ー “資格でもがく”についても教えてください

「あのー、精神的なところがあるので、いろんなプログラムを受けて。例えばどういう風に考えればいいよーとか。知恵としてルールを理解していたり、テクニックとして持っていたりはするんですけれども。わかっているけれども、現実そうはならないなっていうところがあるんですね。」

「やっぱり誰かから認められて、ようやっと安心したり嬉しかったりって言うとところもあって。でもそれって本当に心から喜んでるのかなとか。自分はそれででいいのかなっていう懐疑的なところもあったり。」

「焦点と言うか、どこに価値を置いてるのか常にふらふらしてる。そのふらふらさ、不安定さを書いてみた。その逆に不安定さを利用して、いろんな資格に挑戦して資格を取っていったっていうことでもあります。
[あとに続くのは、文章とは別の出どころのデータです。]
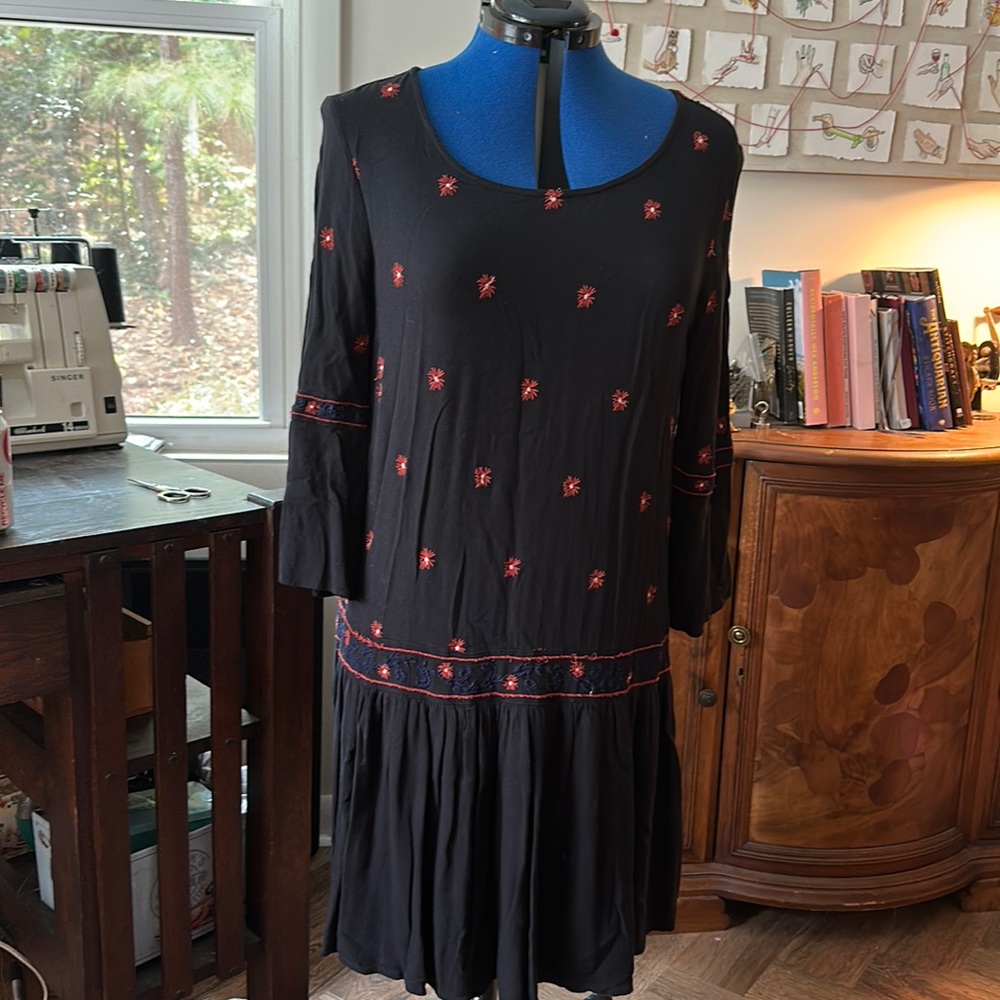 Hinge drop waist embroidered dress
けれど、それを取ったから、合格した瞬間はやった!というよりは良かったあっていう。ほっとするというか、(言葉を探しながら)…ほっとする…でしょうね。ほっとした…それもほんと一瞬だけで」

「次、またどうしよう、ここから。引っ張ってた紐がパッとなくなって、次に何をつかんだらいいのかなみたいな。ある種この公募展へも、資格取得の一つとして応募しました。」


[公募展の中での出来事 2019年10月26 日~29日]
”斬られるリアクション” パフォーマンス / 資格でもがく 展示

たて

 公募展当日、パフォーマンスを行うスペースには、情報資格試験さんがこれまで取得した資格の束、”資格でもがく”の展示とともに、応募用紙の文章を抜粋した垂れ幕を吊るし、小さな舞台を演出しました。
 “斬られるリアクション”ではまず情報資格試験さんによって観客との間に麻ひもで線が引かれます。そして、この線を境に動作の意味が変わってしまう、との説明があります。次に観客が、お題の書かれた名札から気になったものを1つ選びます。そのお題に沿った何気ない日常の動作を観客が行うことによって、情報資格試験さんは派手に斬られ倒れてしまいます。例えば、「ぶどう狩り」というお題では、観客がぶどうを収穫する動作によって、情報資格試験の首が落ちて絶命してしまう、そんなパフォーマンスでした。会期中の4日間、1時間おきに10分間、1日7回、計28回のパフォーマンスを行いました。会場にはうめき声と笑いが響きました。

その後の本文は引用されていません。